In Play, Anaïs sang alto harmonies and was considered to be one the Lead Vocalist. After the band's first split, Anaïs studied at the University of Stockholm and the University of Lund.

===New lineup with Play and retirement from music (2009–2011)===
In 2009, Lameche, along with Faye Hamlin and a new member, Sanne Karlsson, returned as Play, but as a trio. They were managed once more by Laila Bagge. They took part in Made in Sweden 2010, which documented their revival, search for a new third member, and recording and working on a new album. Their debut single from the album, "Famous", entered the Swedish music charts at No. 1. The group's fifth album and first with Sanne Karlsson, Under My Skin, was released in April 2010. It peaked in the Swedish music charts at No. 7. An EP and promotion in the US was expected, but plans were later shelved. In May 2011, the band announced their separation, and Lameche left the music industry.

==Personal life==
Lameche speaks fluent French, Swedish and English. Her success with Play inspired friend and pop singer Tove Lo to pursue her own career in music. Following Play's first split, Lameche attended Stockholm University, where she studied fashion studies. At Lund University she studied art history. Since leaving the music industry, Lameche began a career in public relations in Stockholm. In 2011, she began working at Assefa Kommunikation, one of the leading public relations firms in Sweden.
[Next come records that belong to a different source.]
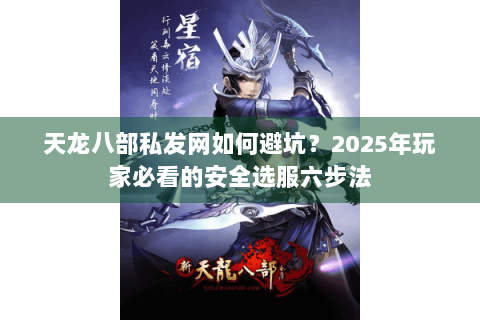 天龙八部私发网如何避坑?2025年玩家必看的安全选服六步法 天龙八部私发网如何避坑?2025年玩家必看的安全选服六步法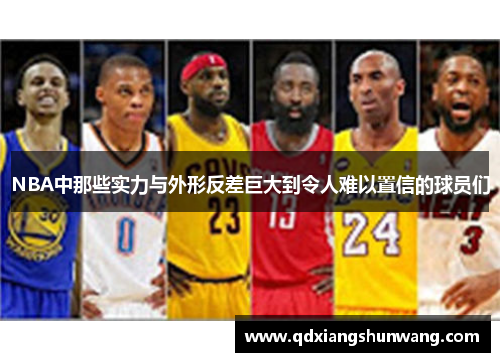 NBA中那些实力与外形反差巨大到令人难以置信的球员们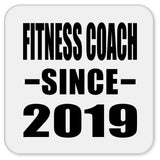 Fitness Coach Since 2019 - Drink Coaster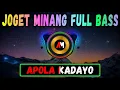 Download Lagu LAGU JOGET MINANG EDIT REMIX TERBARU APOLA KADAYO FULL BASS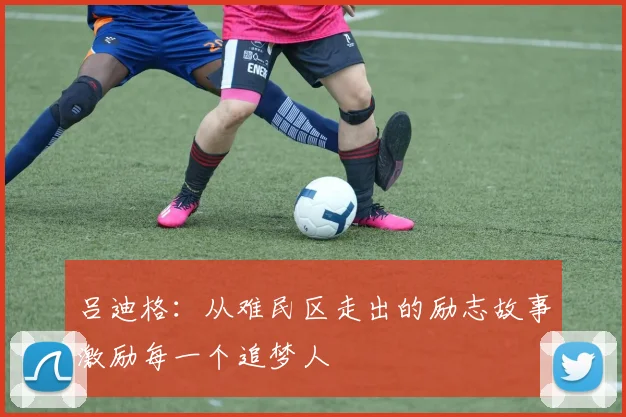 吕迪格：从难民区走出的励志故事激励每一个追梦人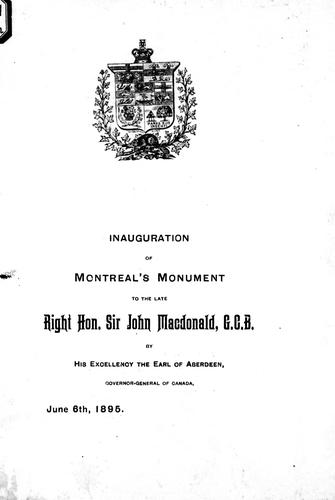Cover for Inauguration of Montreal's monument to the late Right Hon. Sir John Macdonald, G.C.B., by His Excellency the Earl of Aberdeen, Governor-General of Canada, June 6th, 1895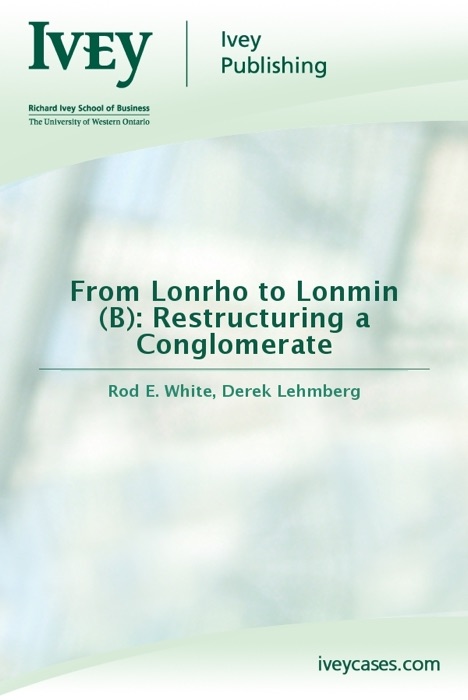 From Lonrho to Lonmin (B): Restructuring a Conglomerate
She currently works as a senior PR consultant for another Stockholm-based PR agency. She lives in Norrmalm, a district in Stockholm. Lameche and her longtime boyfriend of six years, Niklas, became engaged in 2014. They married in Sweden in August 2015. In July 2016, she announced her pregnancy with her first child. She gave birth to a baby girl in late December 2016. Due to her husband's job, she moved to New York City for several months in mid-2018. The family moved back to Stockholm in May 2019. She gave birth to her second child, a son, in July 2019. Her third child, also a son, was born in Sweden in July 2022.